§ WORK REQUIRED:
The lines in the listing below are to be given again exactly, starting at the line holding "Hellbrauner Strickstoff mit" and ending at the line holding "Flat lay of". Do not include pictures.

§ INPUT DATA:
--------------------------------------------------

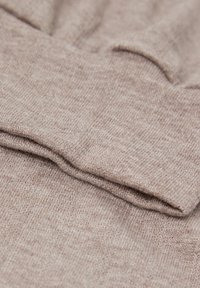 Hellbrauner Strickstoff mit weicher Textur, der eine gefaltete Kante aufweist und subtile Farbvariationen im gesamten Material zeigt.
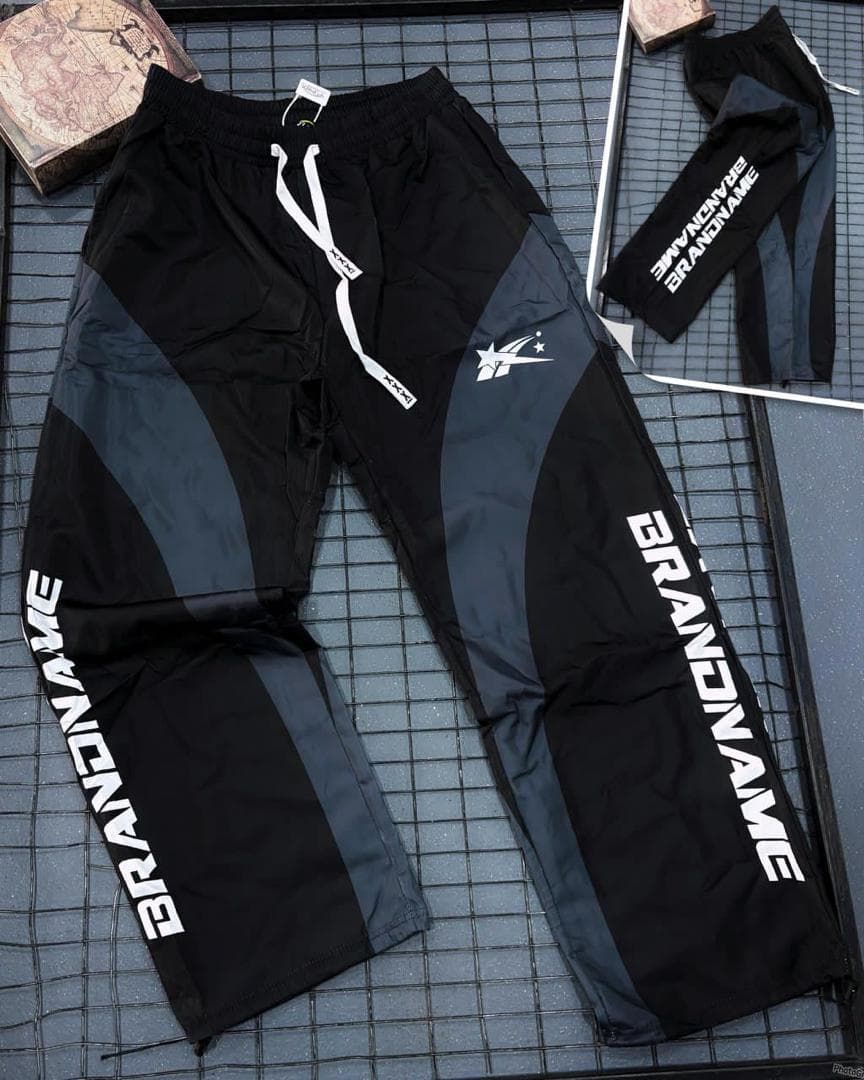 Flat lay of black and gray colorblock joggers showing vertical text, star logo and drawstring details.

--------------------------------------------------

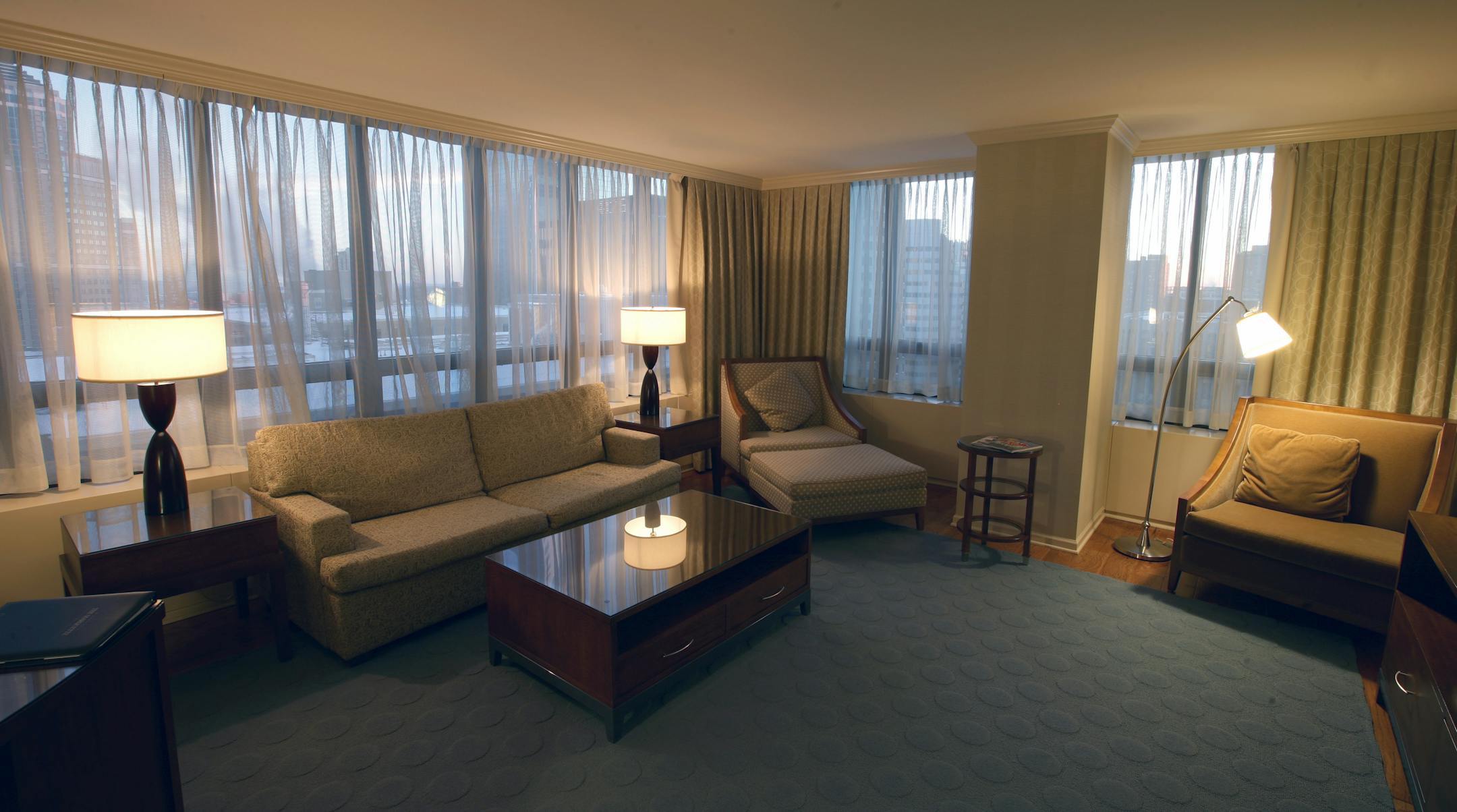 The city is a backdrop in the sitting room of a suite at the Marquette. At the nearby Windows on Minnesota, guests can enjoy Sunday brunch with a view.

--------------------------------------------------

§ EXERCISE ANSWER:
 Hellbrauner Strickstoff mit weicher Textur, der eine gefaltete Kante aufweist und subtile Farbvariationen im gesamten Material zeigt.
 Flat lay of black and gray colorblock joggers showing vertical text, star logo and drawstring details.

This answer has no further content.